Willow Beach has recently completed 5 projects using Recovery Act funds. The largest of the five projects included rehabilitating the hatchery and shop buildings at Willow Beach to bring them up to seismic standards. Willow Beach sits on an active fault line located along the Colorado River. The second project, involved replacing the electrical systems at the A bank raceways to bring them up to code standards. The third project replaced sewer lines from three buildings with new PVC pipe. The fourth and fifth projects involving energy efficiency upgrades. Efficiency upgrades included; installation of a solar power system and replacement of 19 windows and 9 doors at the hatchery. The upgrades replaced the original windows and doors installed in 1959.
Raising Rainbow Trout
The hatchery manages year-round production of rainbow trout for recreational fishing. The cycle of raising trout begins when eyed-egg shipments are received from federal brood stock facilities, which include Erwin National Fish Hatchery and White Sulfur Springs National Fish Hatchery. Eggs are placed into upwelling incubators until hatch. Once hatched, trout are raised in tank room raceways to three inches. After trout reach three inches, they are moved to outside raceways for the remainder of grow-out. Once fish reach the target size of 12" they are used to fulfill program commitments. A typical production cycle lasts 12 months.
In 2010 the hatchery updated all eight of the recirculation units used to rear razorback suckers. The recirculation systems are comprised of a waterproof platform that keeps untreated river water from entering the rearing system, 1 HP Jacuzzi water pumps, stainless steel UV sterilizers, DE filters, heat diffusers and air blowers. All this equipment was updated or replaced along with new air manifolds, air lines and air stones. In addition, the plumbing, including piping that directs water through solar panels on the roof tops has been updated since the desert sun turns PVC brittle after a few short years. By updating these systems, the recirculation units have improved water movement, water quality and heating efficiency. The new systems are less maintenance and ultimately will give Willow Beach NFH the ability to produce higher quality razorback suckers for years to come.
Tapping into the sun
In March 2010, Willow Beach National Fish Hatchery installed an 8.39 Kilowatt Photo Voltaic power system. Willow Beach is located in the Mohave Desert in Arizona (the sunniest state in the U.S.) and averages 334 days a year of sunshine. This makes the hatchery a perfect location to generate solar electricity and reduce consumption. Although this will not generate enough power to operate the hatchery, it does help. We are looking forward to years of free energy to come from the sun!
Redesigned Feeder Racks
In 2012 hatchery staff designed and manufactured new feeding racks that are built from steel. The new rack design puts the feeders in the center of the raceway for better feed dispersion. The new racks are also more ergonomically friendly because of the height they rest at when they are in the up position which makes loading the feeder easier.

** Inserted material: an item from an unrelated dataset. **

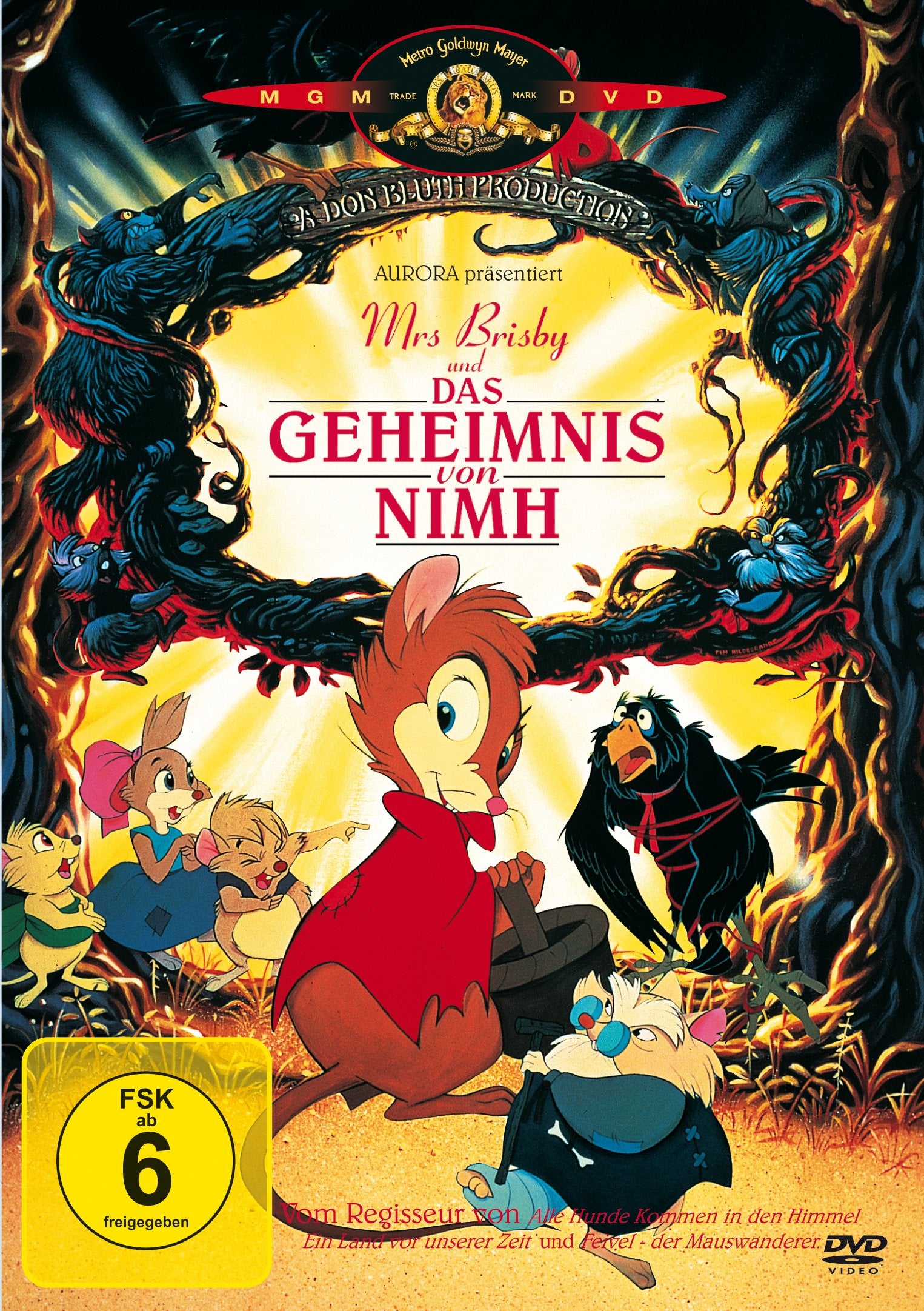 Mrs. Brisby und das Geheimnis von Nimh Films
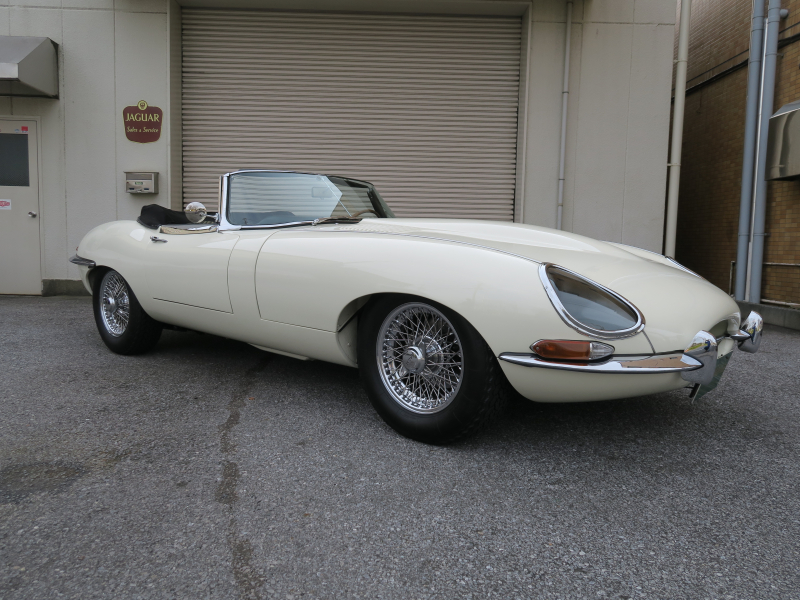 ジャガー Eタイプ Sr.14.2OTS 中古車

An additional benefit is that the racks keep the feeder out of reach of tourists.
Achii Hanyo Native Fish Facility
Developed in partnership with members of the Hopi, Chemehuevei, Navajo, and Mohave tribal nations known as CRIT a former commercial aquaculture facility was renovated to accommodate the rearing and production of native fishes.
Achii Hanyo help address the need identified under the Lower Colorado Multi Species Conservation Plan and the FWS Endangered Species Program for 600,000 Bonytail chub and 600,000 Razorback suckers to be produced and repatriated to the Lower Colorado River over fifty years.